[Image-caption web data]

····················

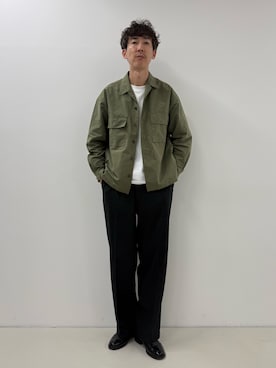 「アイテム（ローファー）」を使った、Nicolas Tanakaさん（メンズ・181cm）の秋コーディネート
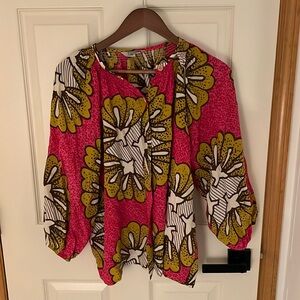 Tucker Flower Print Button Blouse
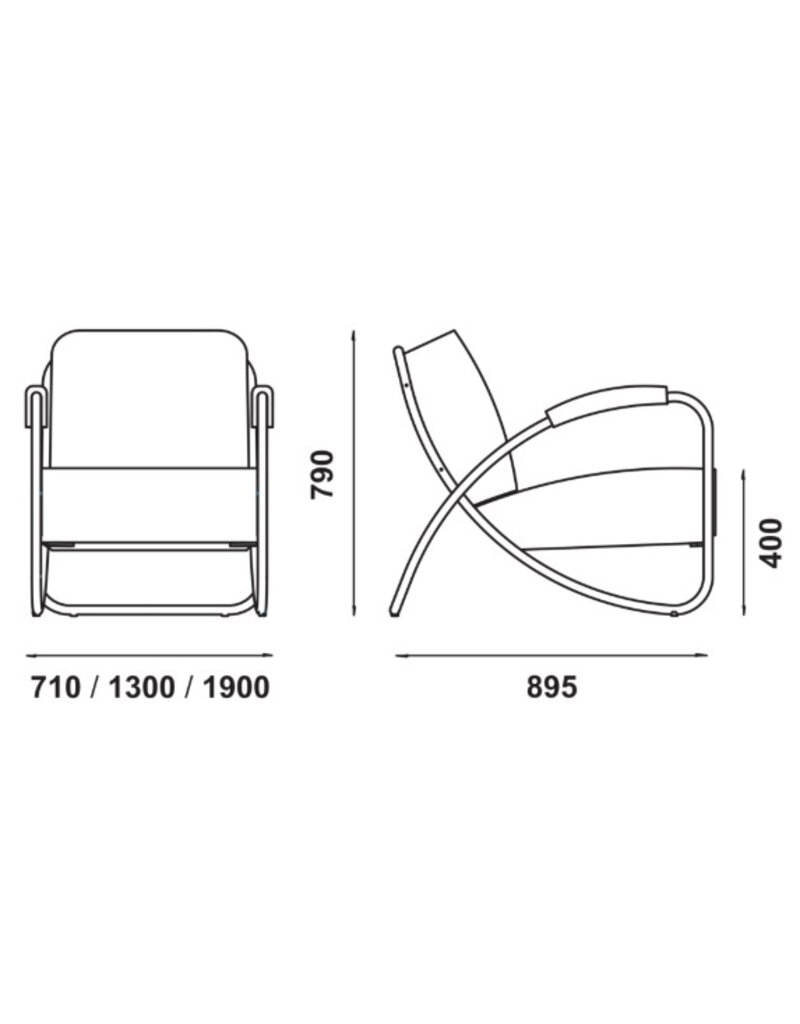 Adico Adico 298 bank in eco-leer, metalen buizen frame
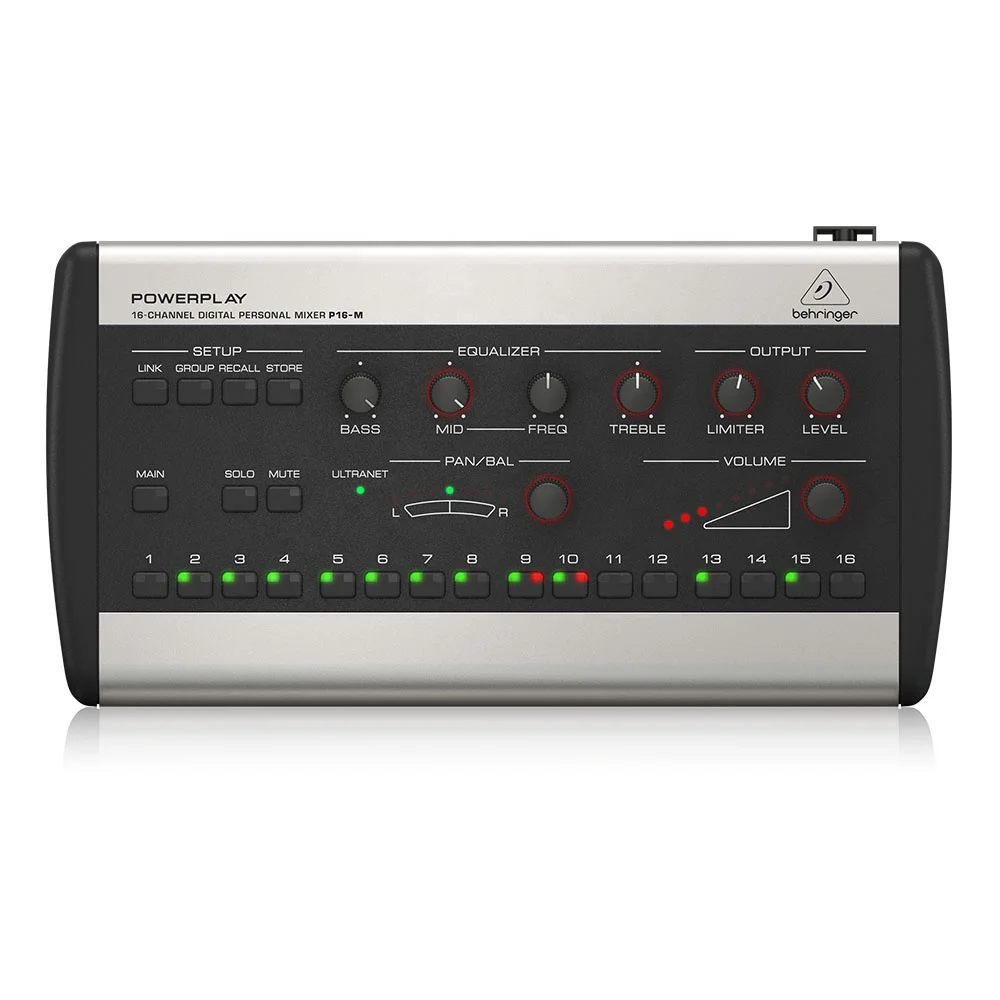 Behringer P16-M Personal Mixer Band Monitoring System 16-Channel Mixer Ear Return Controller Distributor ip usb vmix panel switches controller video mixer switcher blackmagic atem brodcast equipment for large meeting conference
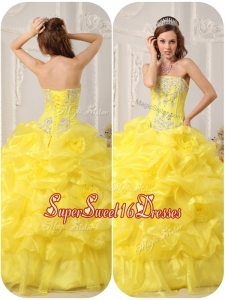 Cheap Strapless Beading and Ruffles Quinceanera Gowns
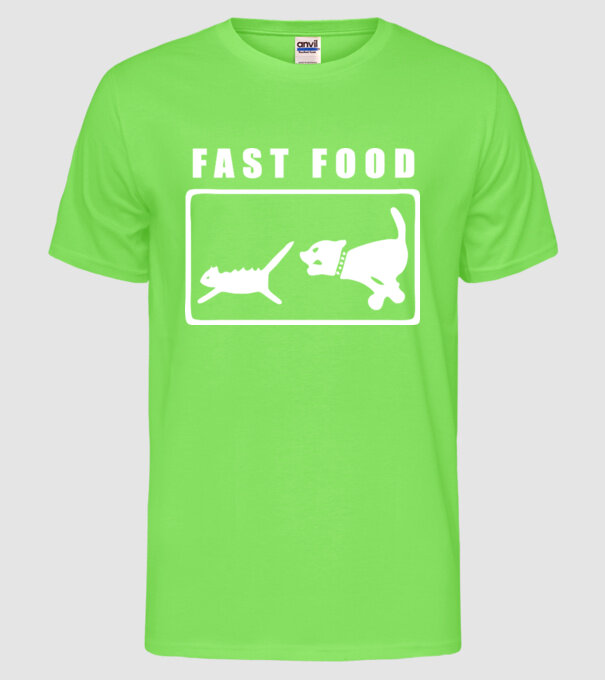 fast food model verde neon pe tricou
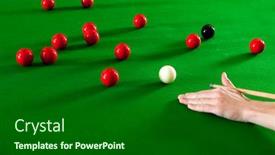  Presentation with supporting - PPT theme consisting of cue stick on a snooker background and a black colored foreground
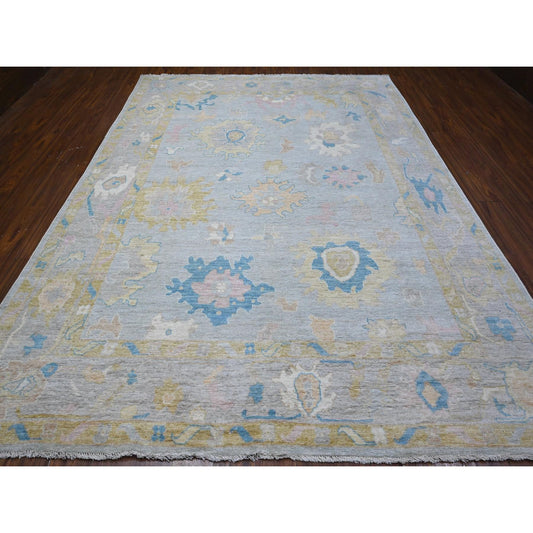 Oushak And Peshawar Wool Hand Knotted Rug Grey Gray 8.10X11.7 -O088990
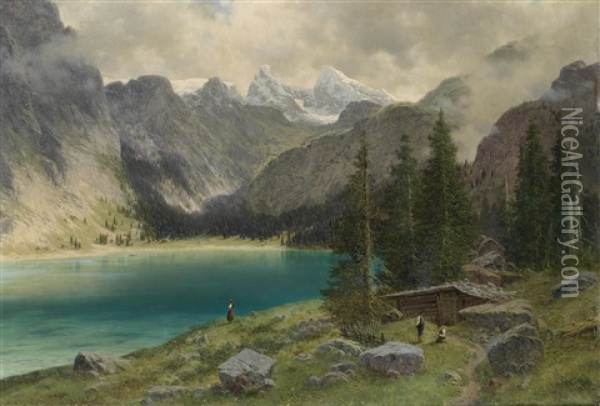 Landschaftsidylle Am Gebirgssee, Obersee ? Oil Painting - Josef von Schloegl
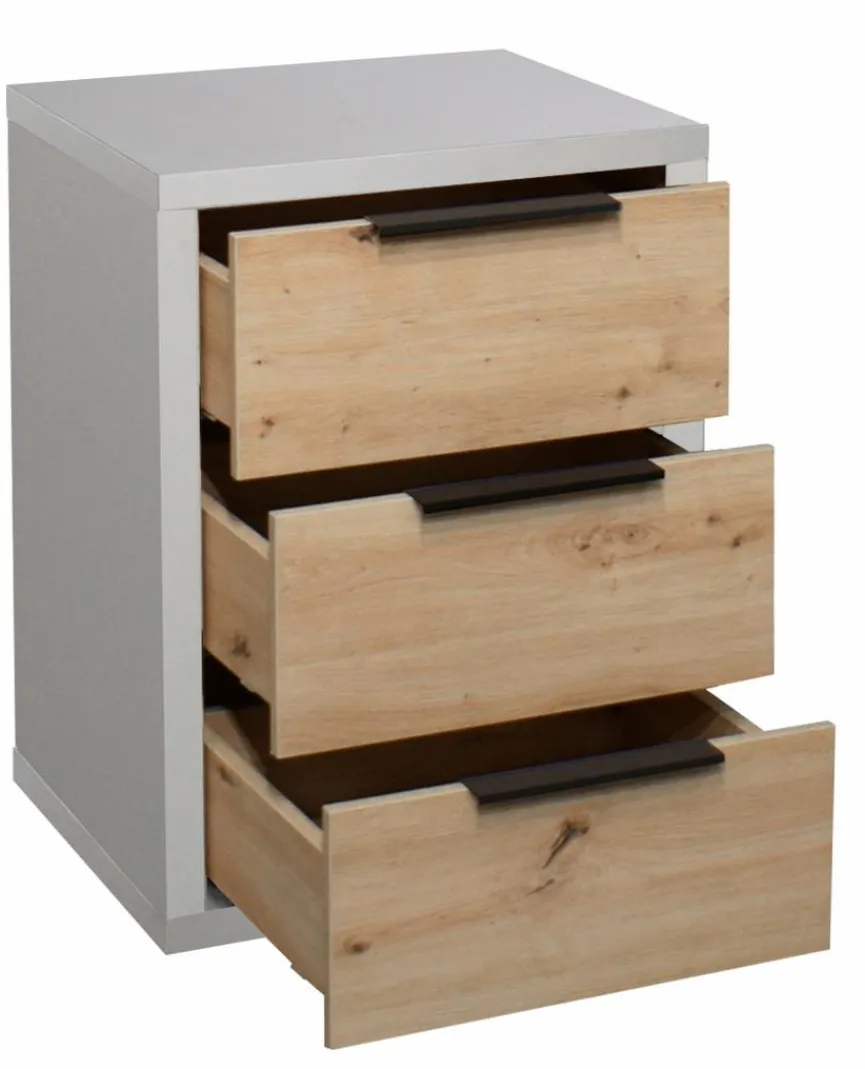 Outlet Mäusbacher Nachttisch Clyde Grau / Asteiche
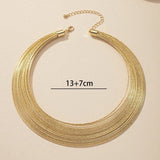 Layer 18K Gold Anti Tarnish Choker Hasli Necklace For Women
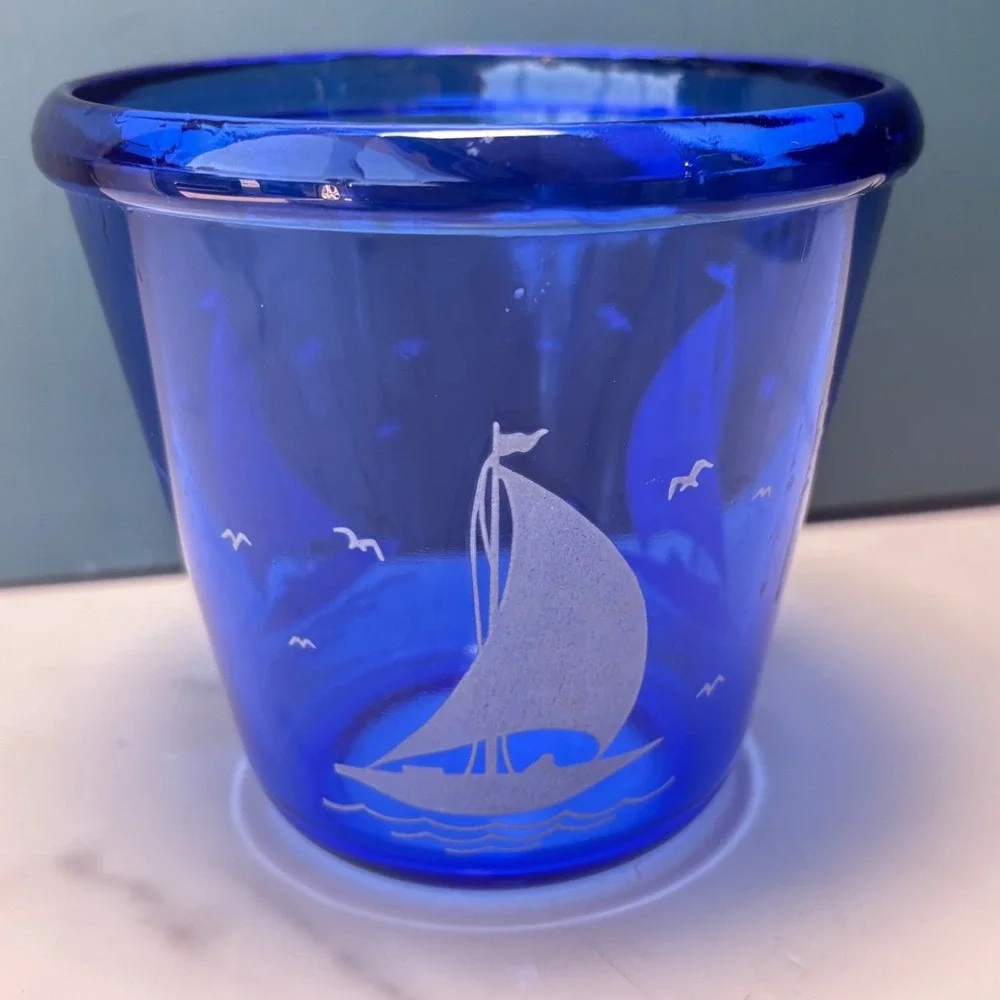 Vintage Hazel Atlas Cobalt Blue Glass Sailboat Ice Bucket Cocktail Mixer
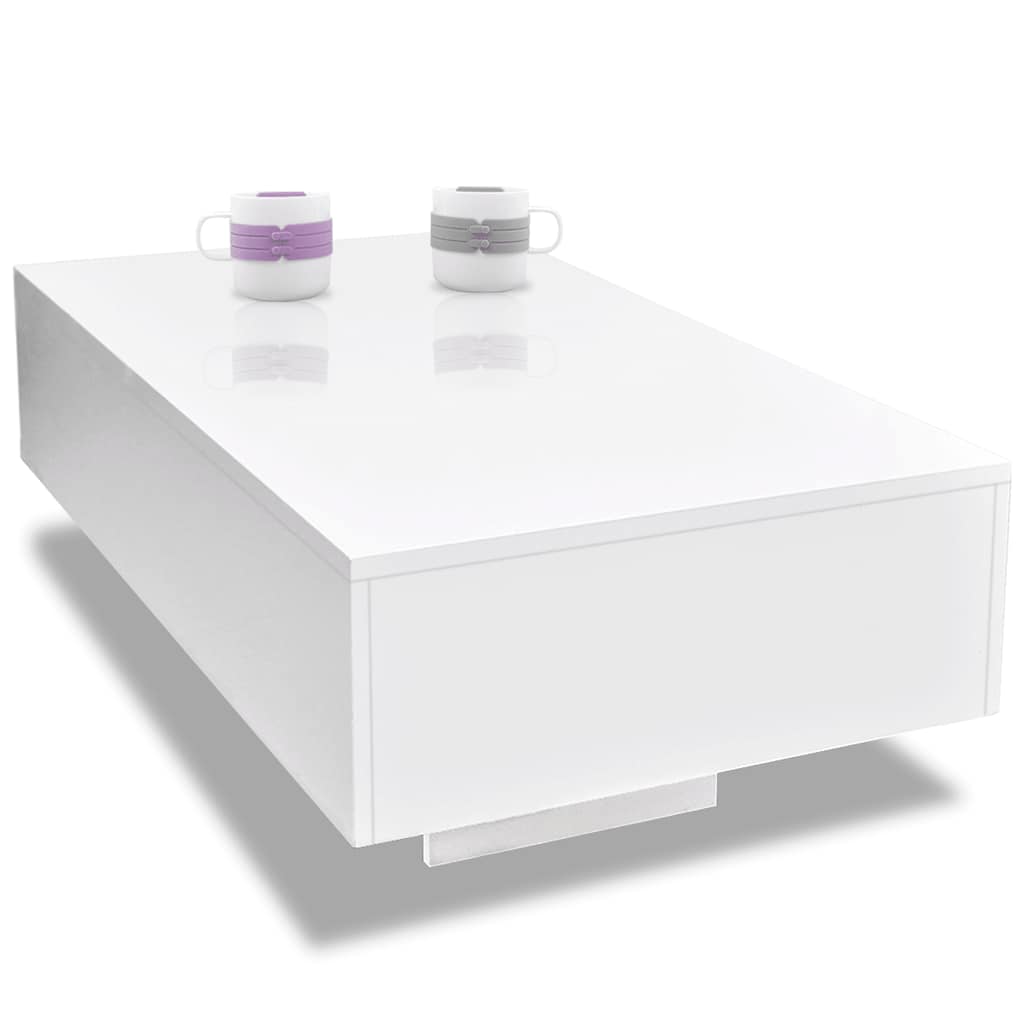 vidaXL Salontafel hoogglans wit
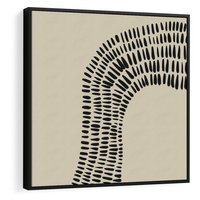 Obraz w ramie 50x50 - Migotliwa Innowacyjna Ekspresja - boho plakat, czarne kropki kreski - rama czarna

····················

** What the task requires **
Print the records above verbatim, pictures excluded.

** Worked solution **
 「アイテム（ローファー）」を使った、Nicolas Tanakaさん（メンズ・181cm）の秋コーディネート
 Tucker Flower Print Button Blouse
 Adico Adico 298 bank in eco-leer, metalen buizen frame
 Behringer P16-M Personal Mixer Band Monitoring System 16-Channel Mixer Ear Return Controller Distributor ip usb vmix panel switches controller video mixer switcher blackmagic atem brodcast equipment for large meeting conference
 Cheap Strapless Beading and Ruffles Quinceanera Gowns
 fast food model verde neon pe tricou
  Presentation with supporting - PPT theme consisting of cue stick on a snooker background and a black colored foreground
 Oushak And Peshawar Wool Hand Knotted Rug Grey Gray 8.10X11.7 -O088990
 Landschaftsidylle Am Gebirgssee, Obersee ? Oil Painting - Josef von Schloegl
 Outlet Mäusbacher Nachttisch Clyde Grau / Asteiche
 Layer 18K Gold Anti Tarnish Choker Hasli Necklace For Women
 Vintage Hazel Atlas Cobalt Blue Glass Sailboat Ice Bucket Cocktail Mixer
 vidaXL Salontafel hoogglans wit
 Obraz w ramie 50x50 - Migotliwa Innowacyjna Ekspresja - boho plakat, czarne kropki kreski - rama czarna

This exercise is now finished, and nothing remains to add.